Classes optional, cancelled
Yesterday Assistant Professor of English and American Literature Jesse E. Matz, who teaches English 160: "20th-Century British Novel," wrote an email to his students with three options:
"(1) Come to class as usual; OR (2) View a summary of today's lecture on the web, and submit a short (250 words) response to Prof. Matz before 5:00 today; OR (3) Just blow off Eng 160 today (not recommended)," he wrote.
English 160 was one the many classes that changed its schedule in response to the weather. While some professors canceled their classes on Monday night, many students had to brave the blizzard-like conditions to take exams and attend sections.
Many other local schools were closed today, including Brandeis University.
Although the Graduate School of Education, Harvard Extension School, and Divinity School were all closed for the second day in a row, the College remained open.

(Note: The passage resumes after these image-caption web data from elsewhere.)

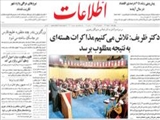دكتر ظريف: تلاش مي‌كنيم مذاكرات هسته‌اي به نتيجه مطلوب برسد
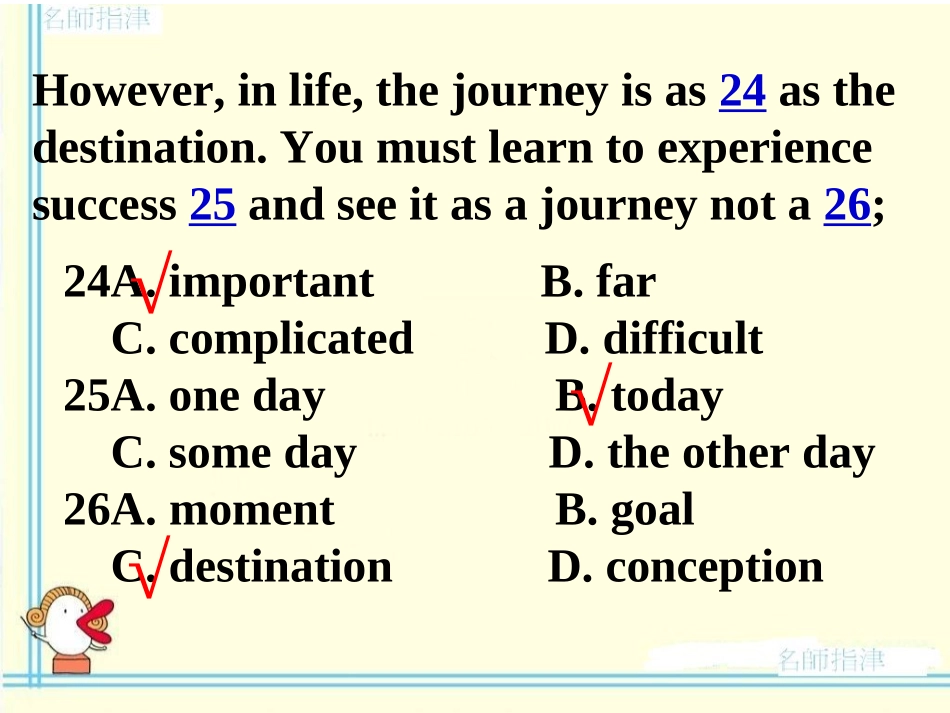 广东省连州市高三英语分类复习-完形填空36-40课件_第3页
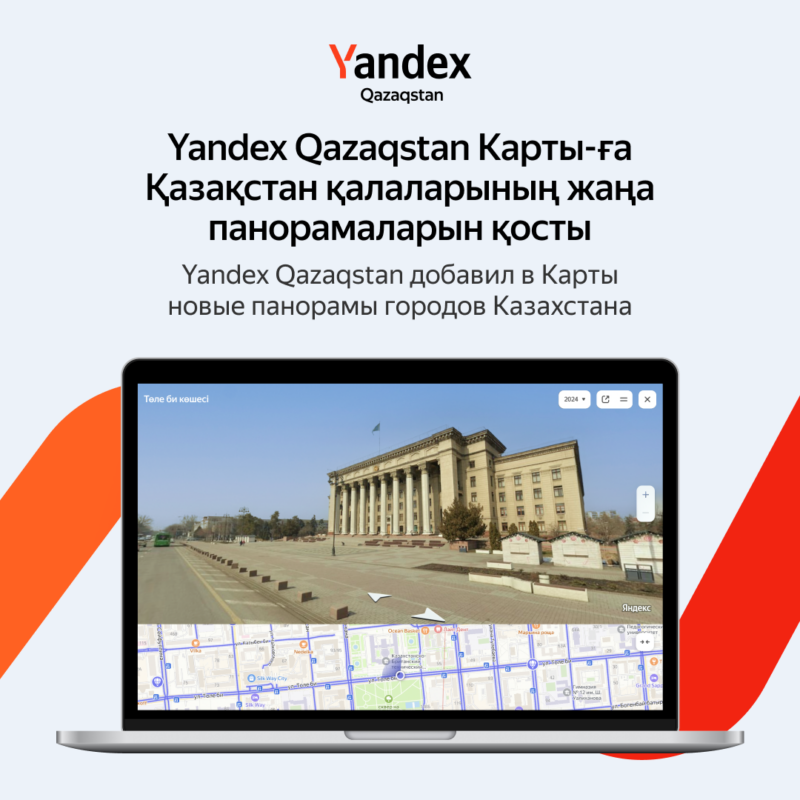 Yandex Qazaqstan добавил в Карты новые панорамы городов Казахстана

"Harvard is a residential college, so it will never completely shut down," said University Spokesperson Joe Wrinn. "Many of the students are there and a lot of the faculty are nearby."
In order to facilitate students going to class, the snow removal effort continued, with rest stations set up in common rooms and dining halls for workers plowing.
"It's very important that those who are driving equipment and plows not get overtired," said Tom E. Vautin, associate vice president for University operations.
Most workers were let off from 5 p.m. to midnight last night, at which point the full staff of 30 plowers came back on to prepare streets and sidewalks for this morning.
Some class cancellations yesterday were only tangentially weather-related. Ec1010b: "Macroeconomic Theory" students were e-mailed 30 minutes before lecture saying that University Museum, containing the Geological Sciences Lecture Hall, was locked and class would not be held, according to Head Teaching Fellow Melvyn Teo.
"HUPD told me they were the only ones who could open it," Teo said.
Some students were upset that their economics class had been cancelled, because there is a midterm tomorrow.
Though the University's museums were closed, the libraries remained open, as did the Registrar's office despite being short-staffed.